Regenstrief Institute x Merck
The Question
Clinical trials establish whether a treatment works under controlled conditions. They rarely answer the difficult questions that arise once a therapy reaches routine care: Who receives it, and who does not? What do treatment patterns look like in the real world? Where do patients fall through the gaps between diagnosis, prescription, and sustained use?
These questions sit at the intersection of clinical effectiveness, health system performance, and commercial strategy. Answering them requires data that spans years of care across diverse populations—and methods capable of finding a signal in that complexity.
The Analysis
Regenstrief’s collaboration with Merck has generated numerous peer-reviewed publications across multiple therapeutic areas, drawing on the Indiana Network for Patient Care (INPC)—one of the nation’s largest and longest-running longitudinal health data ecosystems, with records spanning 20 million unique patients, 950 million clinical encounters, and more than 150 million unstructured clinical text reports.
This body of work spans several interconnected questions:
Detection and Early Identification
Early identification of Alzheimer’s disease and related dementias (ADRD) at population scale is a persistent challenge. Regenstrief developed and validated a passive digital signature for early ADRD risk by applying natural language processing (NLP) to clinical notes alongside diagnostic and medication data within EHRs to identify risk years before formal diagnosis. Models incorporating the text of clinical notes achieved AUROC of 0.798 (1–10 years before diagnosis), compared to 0.689 using structured data alone—a substantial improvement that illustrates the value of Regenstrief’s NLP infrastructure and longitudinal data depth.

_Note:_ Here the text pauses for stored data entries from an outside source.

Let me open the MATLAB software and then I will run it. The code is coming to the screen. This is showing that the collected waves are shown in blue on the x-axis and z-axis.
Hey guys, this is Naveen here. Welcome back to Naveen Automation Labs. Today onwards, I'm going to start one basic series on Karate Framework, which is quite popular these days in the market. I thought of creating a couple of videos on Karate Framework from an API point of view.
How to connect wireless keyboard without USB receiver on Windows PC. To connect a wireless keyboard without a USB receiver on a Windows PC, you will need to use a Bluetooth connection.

A parallel effort applied NLP to characterize chronic cough burden in EHRs—a condition affecting roughly 10% of adults, but systematically under-captured diagnostic codes. The NLP-based approach identified patients nearly sevenfold more frequently than ICD codes alone (PPV: 97%), generating a more complete and actionable picture of disease prevalence and unmet need.
Link 1: https://pubmed.ncbi.nlm.nih.gov/31784987/
Link 2: https://pubmed.ncbi.nlm.nih.gov/33345951
Treatment Patterns and Real-World Effectiveness
Understanding how patients actually receive treatment—not how clinical protocols specify they should—is central to real-world evidence generation. Regenstrief’s work in advanced small cell lung cancer (SCLC) used linked registry and EHR data to characterize treatment sequences, survival, and healthcare utilization across 498 patients over a decade. The findings documented real-world chemotherapy patterns consistent with national guidelines while confirming persistently poor outcomes, providing an empirical foundation for assessing the need for novel therapeutic approaches.

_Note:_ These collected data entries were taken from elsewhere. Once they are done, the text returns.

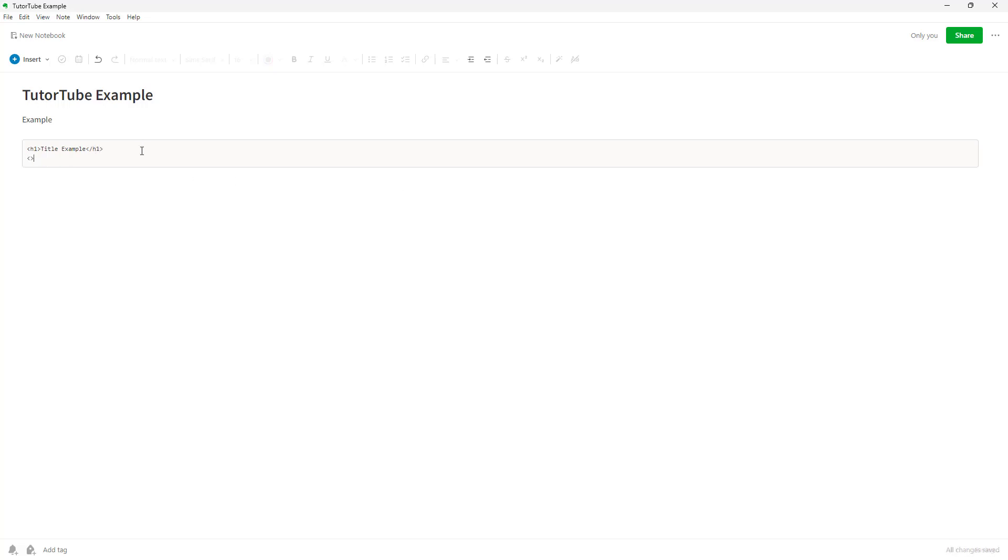So I can add in my programming code right here. I'm just going to say programming code just like this.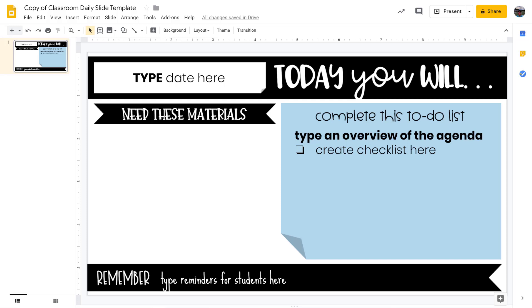Hi everybody, this is Mark Siegel, and in this video I am going to show you how to create your own daily agenda template using Google Slides that you can use and customize to whatever you want to do.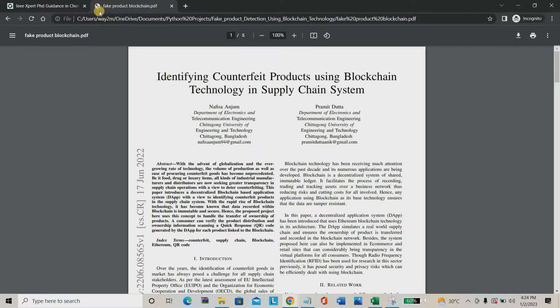Hello everyone. Welcome to IEEXpert. Today we are going to see a project about identifying fake products using blockchain technology.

A complementary study on direct-acting antiviral (DAA) therapy for hepatitis C evaluated real-world treatment initiation and effectiveness during the first two years of all-oral DAA availability. Despite strong clinical effectiveness, fewer than 10% of eligible patients initiated treatment within the first year—with significant disparities by disease severity, payer status, and substance use history. These findings illustrate how real-world data can identify structural and behavioral barriers that trial data alone cannot surface.
Link 1: https://pubmed.ncbi.nlm.nih.gov/31828610/
Link 2: https://pubmed.ncbi.nlm.nih.gov/31437170/
Adherence and Long-Term Risk
Treatment adherence studies address a question that matters both clinically and commercially: among patients who do take a therapy as prescribed, how many remain at meaningful risk for adverse outcomes? Regenstrief’s retrospective cohort analysis of bisphosphonate adherence in women with osteoporosis found that even among those with sustained adherence (medication possession ratio ≥0.8), 35% met a composite adverse outcome—including incident fracture, persistent low bone density, or meaningful BMD decline. This evidence supports the case for clinical reassessment and alternative therapeutic strategies in high-adherence, high-risk populations.

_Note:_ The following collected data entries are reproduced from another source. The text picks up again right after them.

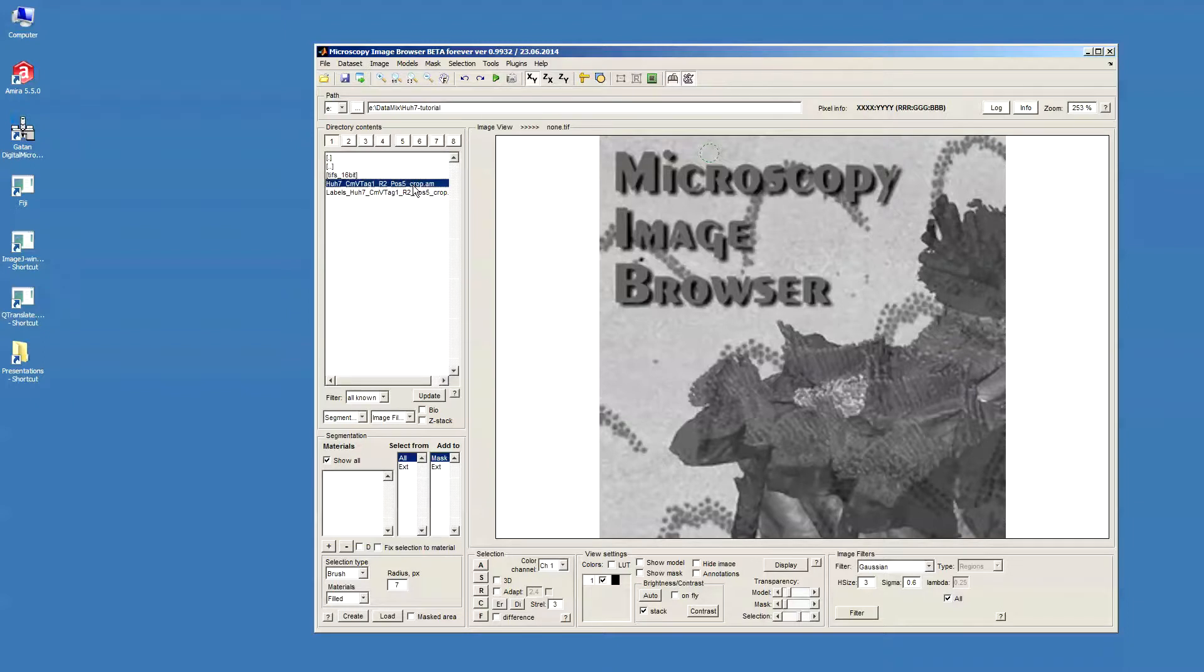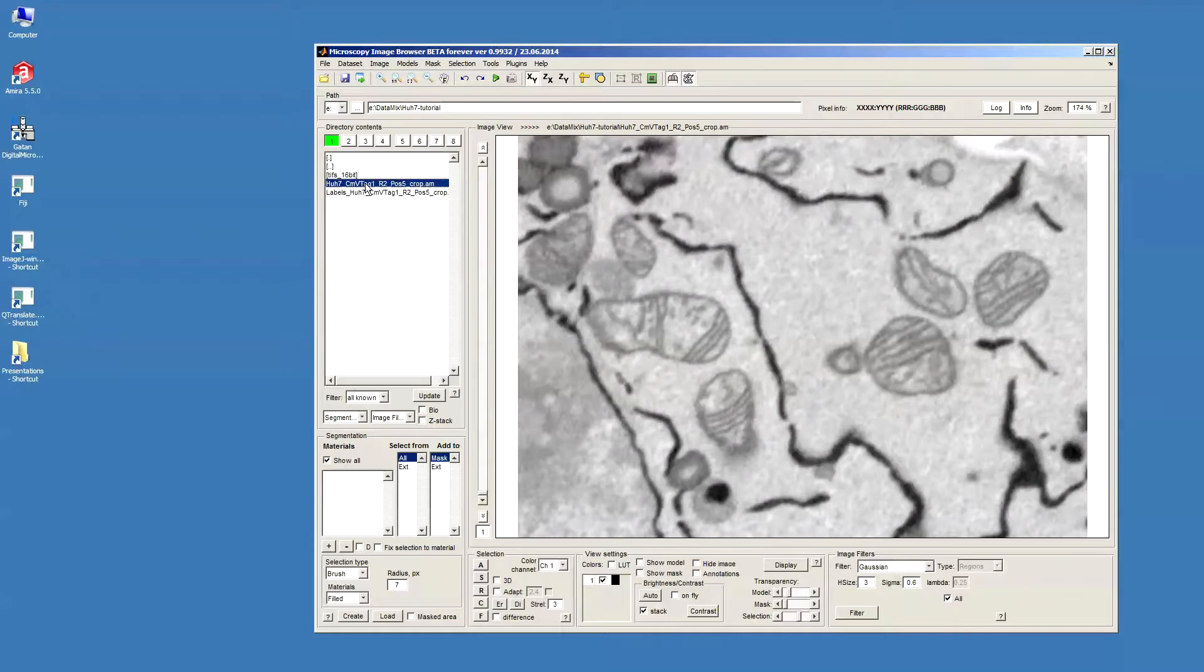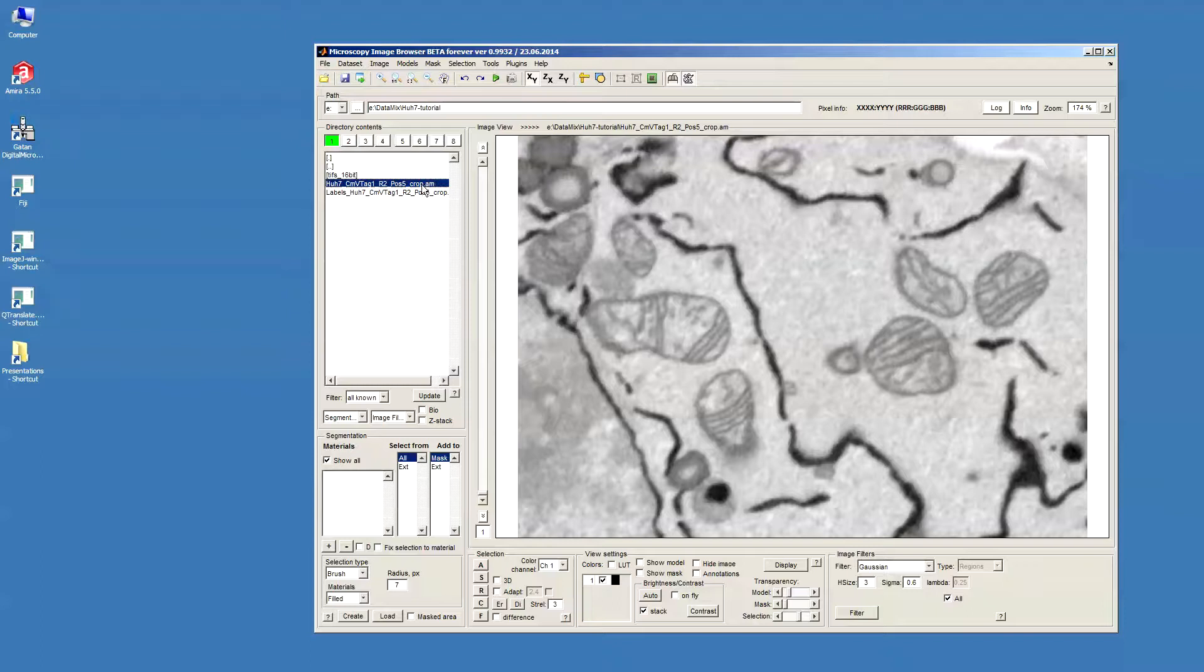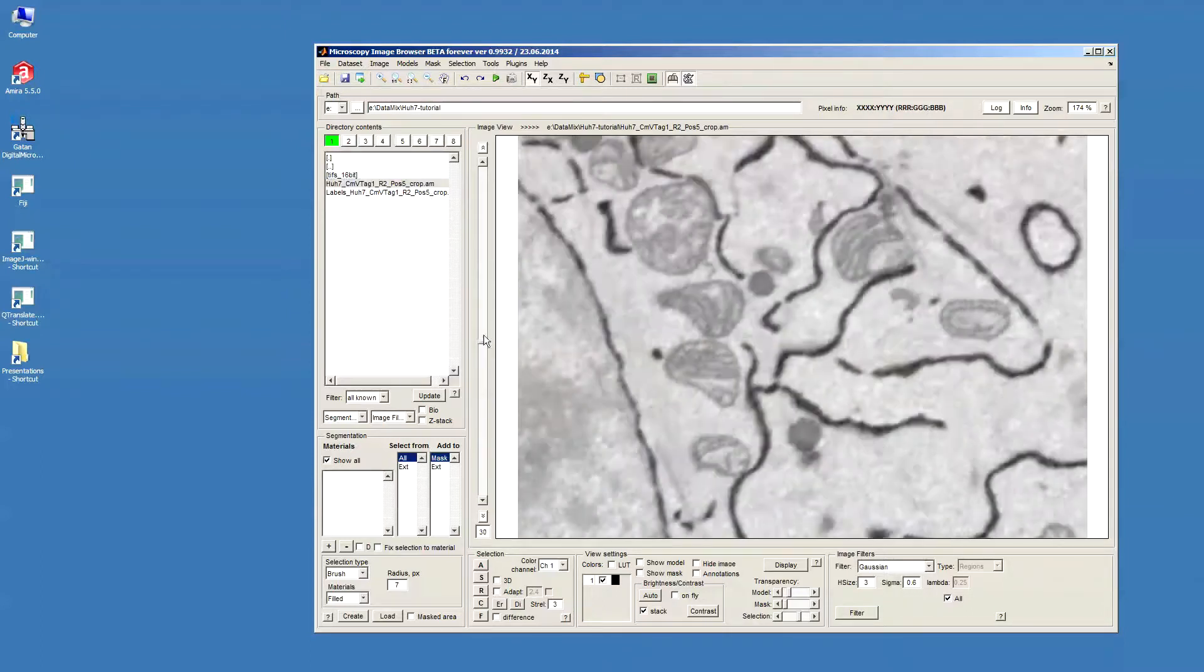Let's start with opening the dataset. I just select the dataset and double-click on it. It was saved in this AmiraMesh format, which has the whole stack stored in one file.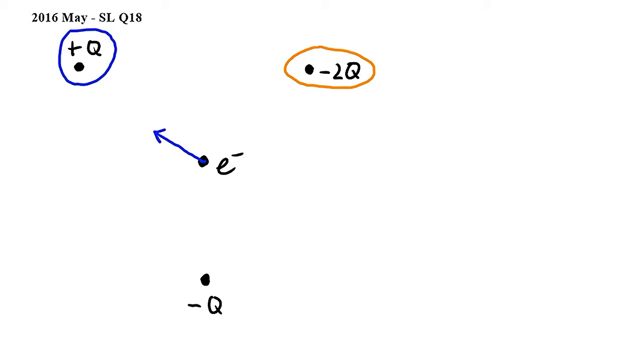And since this charge is twice as strong as the other two charges, the vector representing the force exerted by this charge on the electron will be twice as long as the other two vectors.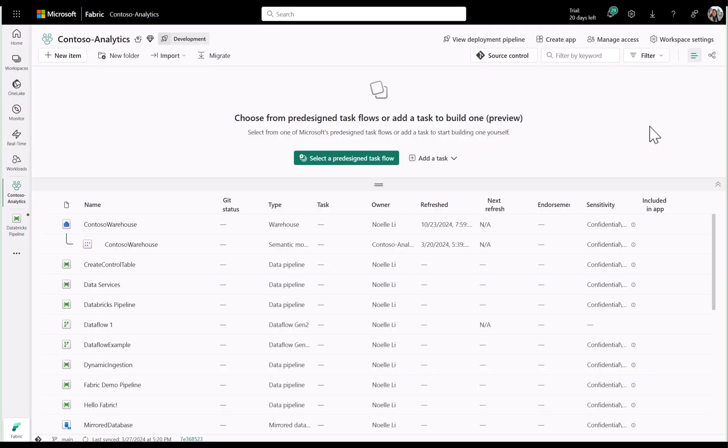In this demo, I'm going to show you how you can orchestrate Azure Databricks jobs by using the Databricks activity in your data pipelines in Microsoft Fabric.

Link: https://pubmed.ncbi.nlm.nih.gov/26657827/
Prevention and Health System Behavior
A cluster randomized trial examining clinic-based HPV vaccination intervention demonstrated that a brief, parent-targeted educational video delivered in the exam room increased vaccination uptake from 50% to 65% in intervention clinics, with parents who watched the video showing three times greater odds of initiating vaccination. The study’s use of a pragmatic, health-system-embedded trial design reflects Regenstrief’s capacity to conduct intervention research within routine care environments—not just observe them.
Link: https://pubmed.ncbi.nlm.nih.gov/30530637/
The Answer
These examples illustrate what a sustained research collaboration with Regenstrief can produce: not a single study, but a cumulative body of peer-reviewed evidence providing important insights regarding detection, treatment patterns, adherence, effectiveness, and intervention design across multiple therapeutic areas and patient populations.
The underlying infrastructure — INPC data depth, NLP capabilities, longitudinal follow-up, and embedded health system access—does not need to be built for each project. It is already in place.
Relevant domains: RWE study design, treatment pattern characterization, adherence and persistence analysis, early disease detection, population identification, intervention evaluation.